Büyük veliler, hakikati ve geleceği apaçık görürler, Menderes ve onunla beraber yıkılacak olan nizamdan sonra, memleketin ne hâle geleceğini görüyorlar, biliyorlardı ve bunun için vatan düşüncesi ve vatan sevgisi ile dört elle Menderes’e sarılıyor ve onu mânen yalnız bırakmıyordu.

Fakat, nihayet Said Nursî Hazretleri de bir kuldu, durmadan birbiri arkasına gelen şer kuvvetlere dayanamadı. Kurtarmak istediği adam Menderes de, kurtulmak istemiyor, intihara doğru gidiyordu. Bütün bunlara; zayıf, nahif ve mübarek vücudu uzun zaman mukavemet edemedi ve göçtü gitti.

İşte, Said Nursî’nin göçtüğü gün Adnan Menderes ve bütün nizamı ve rejimi de beraber yıkıldı.

Bunu, kalp gözü açık olmayan göremez, duyamaz, bilemezler… Ama, ne çare ki hakikat budur…

Nitekim Said Nursî’nin vefatından sonra yapayalnız kalmış olan Adnan Menderes de dayanamadı, O da yıkıldı gitti…

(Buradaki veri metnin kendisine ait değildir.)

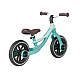 Τροχός ισορροπίας GLOBBER GO BIKE ELITE AIR - πράσινο της μέντας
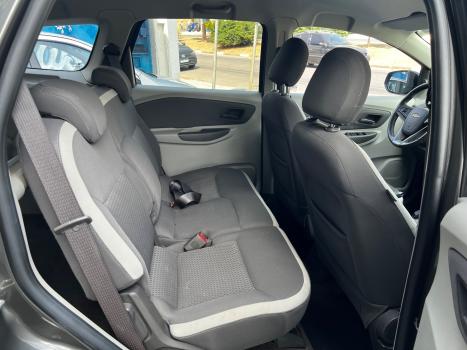 CHEVROLET Spin 1.8 4P FLEX ADVANTAGE AUTOMTICO, Foto 25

Ekseri kimseler, bu ölümle, bu iktidarın yıkılışı arasında bir münasebet göremeyecekler, bulamayacaklardır.

Fakat, ma’nevî ve gizli kuvvet ve münasebetlerin, sûrî ve batınî iktidarların beraber yürüdüğünü görmek, her ne kadar kuvvetli olursa olsun sûrî bir sultanın, mânevî bir sultanın himmetine muhtaç olduğuna inanmamak veya inkâr etmek olmaz.

Bir devlet adamı ile bir velinin hiçbir dünyevî münasebeti olmasa, hatta yüzyüze gelmemiş olsalar, hatta hatta başka asırlarda dahi yaşamış olsalar bile aralarında bir râbıta kurmak mümkün olabilir.

Fakat, bir iktidar, bir devlet adamı, hatta hatta kuvvetli, kudretli şevketli bir padişah bile, bir lokma, bir hırkaya kanaat getiren bir veli himmetine muhtaçtır.

Eğer, bir devlet başkanı, bir velinin himayesi altında ise, hayır işler, yok değil ise şer işler.

Adnan Menderes’in de velisi Said Nursî idi, onun himayesi altında idi. Fakat Menderes zavallısı, bu himayeden kaçıyor, utanıyordu.

İktidarda kalabilmek için Türk-İslâm olaylarını tenezzülen kabul ettiği gibi, Menderes, Yassıada da bunların gözyaşlarını ve dualarını lütfen kabul ediyordu.

Fakat, artık Adnan Menderes için talih dönmüşe benziyordu. Adnan Menderes’in çirkin ve çirkin olduğu kadar da lâyık olma-dığı korkunç âkibetinden, artık onu hiçbir şey kurtaramıyacaktı.

Kendisine yazık olduğu gibi, memlekete de çok çok yazık oldu.

Zira, yıkıldıktan sonra, küçük devlet adamı zannettiğimiz Menderes’in, büyük devlet adamı olduğunu anlamıştık. Onunla beraber yıkılan nizamın, bir türlü yerine gelmediğini, memleketin durmadan çalkantılar içinde olduğunu ve anarşi içinde kaldığını ondan sonra gelenlerin bir nizam kuramadıklarını gördük.

1960 senesi baharı gelmişti. Fakat havada bir sıkıntı vardı. Günlerce çamur yağmıştı Türkiye’ye… Hayret!…

Güzel bir Mayıs sabahı, ezan-ı Muhammedi’nin karanlıkları, yırttığı ve insanları aydınlığa, felâha ve salaha davet ettiği bir zamanda, Türkiye radyolarında bir Baykuş ötüyor, bir felâket haberi veriyordu.